BERT4Rec (Sequential)
Description
The BERT4Rec policy adapts the bidirectional Transformer architecture (BERT) for sequential recommendation. Unlike unidirectional models (like SASRec), it uses bidirectional self-attention and is typically trained using a masked item prediction objective (predicting masked items based on both past and future context within the sequence). This allows it to learn rich, context-aware item representations.
Policy Type: bert4rec
Supports: embedding_policy
, scoring_policy
Configuration Example
scoring_policy_bert4rec.yaml
policy_configs:
scoring_policy: # Can also be used under embedding_policy
policy_type: bert4rec
# Training Hyperparameters
batch_size: 1000 # Samples per training batch
n_epochs: 1 # Number of training epochs
negative_samples_count: 2 # Negative samples (often relevant for loss calculation)

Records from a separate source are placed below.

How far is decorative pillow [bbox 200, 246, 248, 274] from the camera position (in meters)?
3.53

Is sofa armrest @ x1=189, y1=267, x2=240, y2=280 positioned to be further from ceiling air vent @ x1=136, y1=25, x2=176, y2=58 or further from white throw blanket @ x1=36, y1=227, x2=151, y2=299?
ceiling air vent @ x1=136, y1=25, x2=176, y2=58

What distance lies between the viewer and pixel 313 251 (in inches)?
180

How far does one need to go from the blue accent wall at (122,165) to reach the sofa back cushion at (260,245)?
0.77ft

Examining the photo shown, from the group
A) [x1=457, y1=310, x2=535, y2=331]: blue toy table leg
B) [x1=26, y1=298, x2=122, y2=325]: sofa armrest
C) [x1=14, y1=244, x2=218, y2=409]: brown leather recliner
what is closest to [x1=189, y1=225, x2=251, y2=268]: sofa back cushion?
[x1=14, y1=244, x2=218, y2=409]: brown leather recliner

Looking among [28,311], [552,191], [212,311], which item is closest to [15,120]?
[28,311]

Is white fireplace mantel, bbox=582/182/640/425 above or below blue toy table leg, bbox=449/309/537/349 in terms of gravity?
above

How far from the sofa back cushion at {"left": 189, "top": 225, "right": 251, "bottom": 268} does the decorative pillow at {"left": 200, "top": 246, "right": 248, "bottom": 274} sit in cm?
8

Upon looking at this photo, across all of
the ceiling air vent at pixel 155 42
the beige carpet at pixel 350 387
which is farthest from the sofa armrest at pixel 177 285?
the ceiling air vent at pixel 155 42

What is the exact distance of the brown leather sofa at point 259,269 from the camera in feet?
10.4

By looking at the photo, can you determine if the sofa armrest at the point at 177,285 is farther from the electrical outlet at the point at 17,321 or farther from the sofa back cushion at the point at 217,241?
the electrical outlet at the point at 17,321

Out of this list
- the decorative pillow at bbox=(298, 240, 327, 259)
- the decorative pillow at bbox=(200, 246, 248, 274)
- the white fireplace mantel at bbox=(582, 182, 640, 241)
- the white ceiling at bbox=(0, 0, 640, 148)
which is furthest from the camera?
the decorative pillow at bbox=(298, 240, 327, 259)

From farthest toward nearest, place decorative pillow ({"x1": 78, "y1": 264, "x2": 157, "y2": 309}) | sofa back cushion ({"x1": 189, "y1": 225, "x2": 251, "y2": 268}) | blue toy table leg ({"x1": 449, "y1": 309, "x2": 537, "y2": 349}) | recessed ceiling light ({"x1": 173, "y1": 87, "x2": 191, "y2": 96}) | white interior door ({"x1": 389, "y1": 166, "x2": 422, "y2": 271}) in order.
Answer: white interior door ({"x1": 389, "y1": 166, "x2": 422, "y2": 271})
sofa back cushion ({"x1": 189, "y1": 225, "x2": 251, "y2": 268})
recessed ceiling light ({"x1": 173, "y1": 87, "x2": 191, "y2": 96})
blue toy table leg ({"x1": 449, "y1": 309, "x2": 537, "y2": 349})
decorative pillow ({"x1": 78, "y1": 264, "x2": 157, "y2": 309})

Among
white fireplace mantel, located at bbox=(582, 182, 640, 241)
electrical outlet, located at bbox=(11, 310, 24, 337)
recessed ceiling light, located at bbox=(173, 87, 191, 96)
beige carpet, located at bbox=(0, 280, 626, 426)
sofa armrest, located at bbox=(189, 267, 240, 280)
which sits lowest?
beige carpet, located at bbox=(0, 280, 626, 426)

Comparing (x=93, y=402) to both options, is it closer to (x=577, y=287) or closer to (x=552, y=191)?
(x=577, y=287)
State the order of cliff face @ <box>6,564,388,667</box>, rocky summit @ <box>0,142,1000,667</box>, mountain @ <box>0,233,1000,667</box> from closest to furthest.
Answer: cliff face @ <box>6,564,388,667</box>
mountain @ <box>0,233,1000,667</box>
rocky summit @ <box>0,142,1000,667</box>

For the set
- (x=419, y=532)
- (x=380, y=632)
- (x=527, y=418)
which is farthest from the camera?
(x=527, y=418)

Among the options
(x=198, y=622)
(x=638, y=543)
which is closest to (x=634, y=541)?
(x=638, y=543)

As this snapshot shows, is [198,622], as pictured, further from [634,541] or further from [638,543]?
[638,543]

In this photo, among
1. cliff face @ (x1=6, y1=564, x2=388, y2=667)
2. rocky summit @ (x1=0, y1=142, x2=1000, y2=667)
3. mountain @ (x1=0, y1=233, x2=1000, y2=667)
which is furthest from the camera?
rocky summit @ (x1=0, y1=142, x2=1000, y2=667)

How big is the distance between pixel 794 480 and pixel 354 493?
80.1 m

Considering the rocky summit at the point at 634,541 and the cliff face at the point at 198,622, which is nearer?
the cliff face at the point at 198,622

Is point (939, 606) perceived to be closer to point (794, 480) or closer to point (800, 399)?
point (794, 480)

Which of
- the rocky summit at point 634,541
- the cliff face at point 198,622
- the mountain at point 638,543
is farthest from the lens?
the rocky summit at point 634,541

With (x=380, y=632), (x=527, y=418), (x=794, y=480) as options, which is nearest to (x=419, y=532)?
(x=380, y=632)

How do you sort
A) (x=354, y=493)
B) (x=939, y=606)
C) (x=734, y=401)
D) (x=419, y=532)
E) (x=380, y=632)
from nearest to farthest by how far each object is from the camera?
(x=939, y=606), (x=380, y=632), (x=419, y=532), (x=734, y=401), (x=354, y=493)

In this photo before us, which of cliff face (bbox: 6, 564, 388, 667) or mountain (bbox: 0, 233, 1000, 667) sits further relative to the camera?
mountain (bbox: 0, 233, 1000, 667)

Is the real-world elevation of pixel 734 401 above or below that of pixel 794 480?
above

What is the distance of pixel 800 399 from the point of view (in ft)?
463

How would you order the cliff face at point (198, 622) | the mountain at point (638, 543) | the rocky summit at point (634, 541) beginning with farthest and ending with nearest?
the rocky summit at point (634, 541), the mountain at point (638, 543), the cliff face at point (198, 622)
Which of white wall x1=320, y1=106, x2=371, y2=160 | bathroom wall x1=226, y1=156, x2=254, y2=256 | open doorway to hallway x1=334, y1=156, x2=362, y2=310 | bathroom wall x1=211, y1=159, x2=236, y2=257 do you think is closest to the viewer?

learning_rate: 0.001 # Optimizer learning rate
dropout_rate: 0.2 # General dropout rate for regularization
# Architecture Hyperparameters
hidden_size: 64 # Dimensionality of hidden layers/embeddings
n_heads: 2 # Number of self-attention heads
n_layers: 2 # Number of Transformer layers
max_seq_length: 50 # Maximum input sequence length
Reference
- Sun, F., et al. (2019). BERT4Rec: Sequential recommendation with bidirectional encoder representations from transformer. CIKM.